**Aim of the task**
Please repeat only the lines below starting at the line that holds "Eingang - 4" and ending at the line that holds "Kycklingfärsbullar med tacosmak", exactly, with both of those lines included and every picture omitted.

**Provided information**
↓
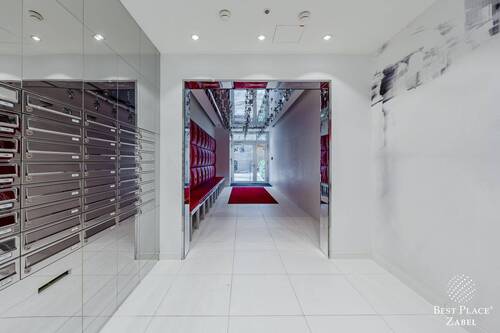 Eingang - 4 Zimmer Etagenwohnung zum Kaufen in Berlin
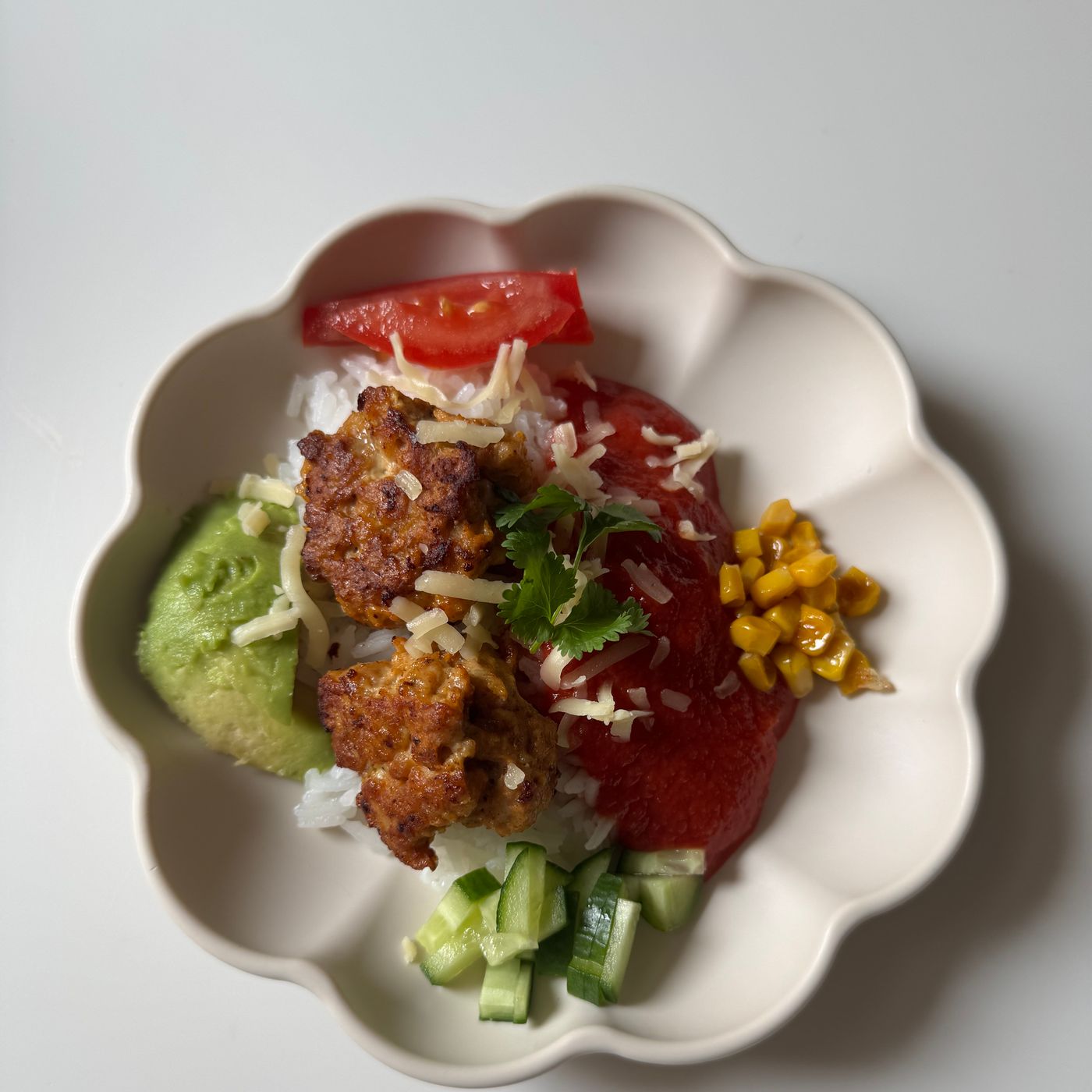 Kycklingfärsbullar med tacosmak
↑
↓
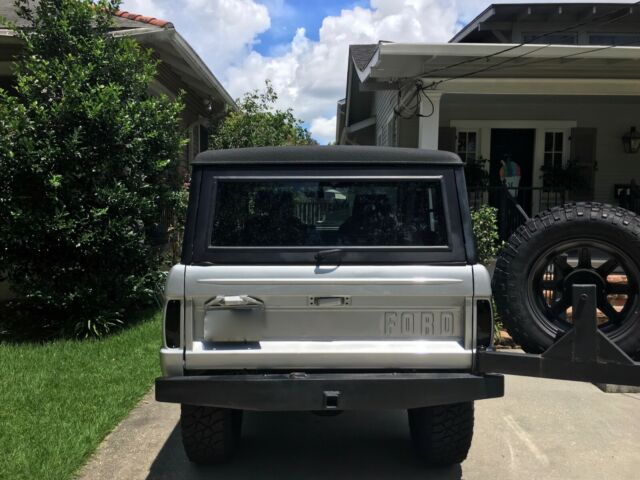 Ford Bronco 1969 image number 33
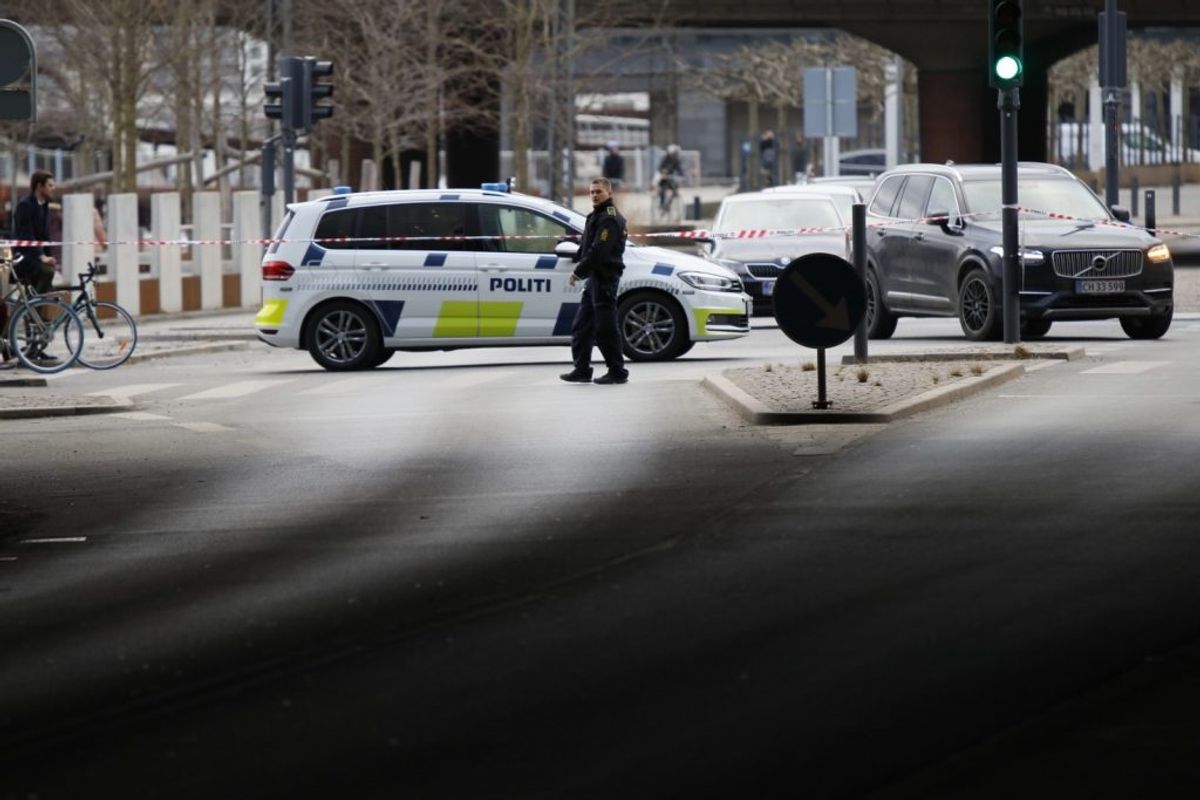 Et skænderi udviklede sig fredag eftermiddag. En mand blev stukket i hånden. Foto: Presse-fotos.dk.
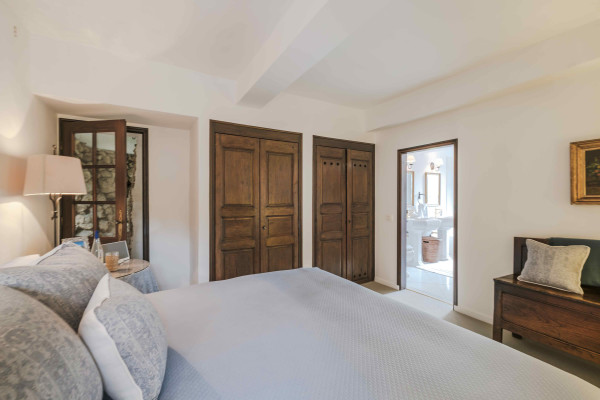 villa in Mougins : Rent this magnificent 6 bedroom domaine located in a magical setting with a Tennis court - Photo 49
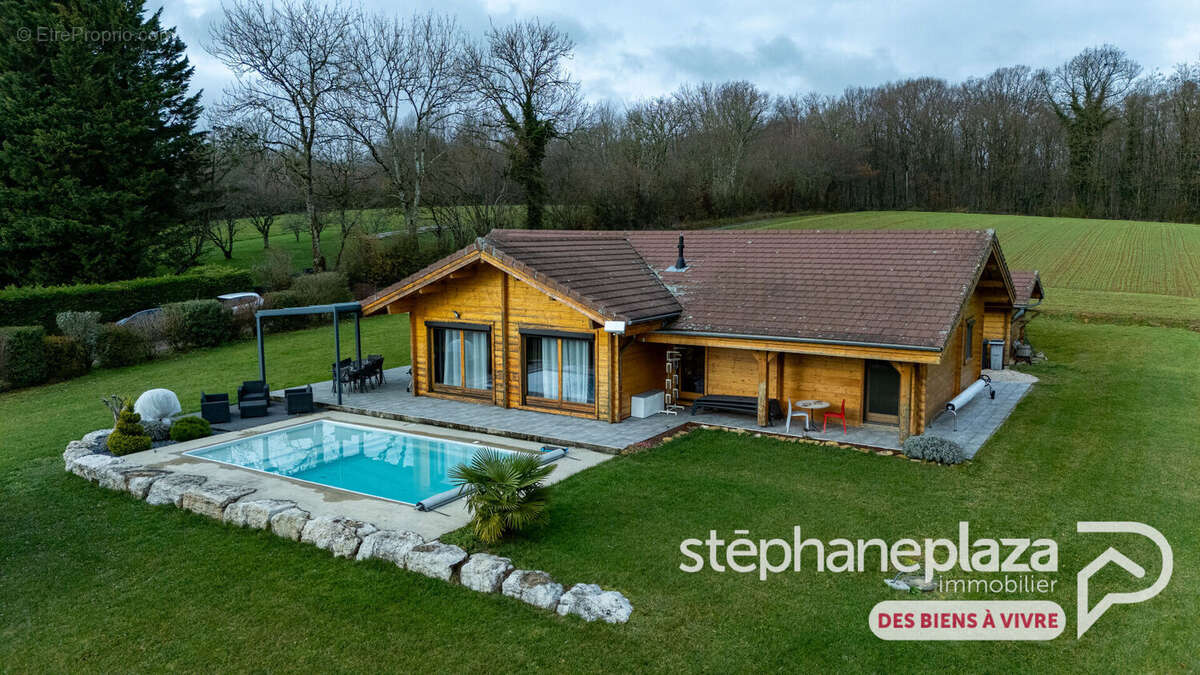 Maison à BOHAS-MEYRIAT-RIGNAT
↑
**Reply to the task**
 Eingang - 4 Zimmer Etagenwohnung zum Kaufen in Berlin
 Kycklingfärsbullar med tacosmak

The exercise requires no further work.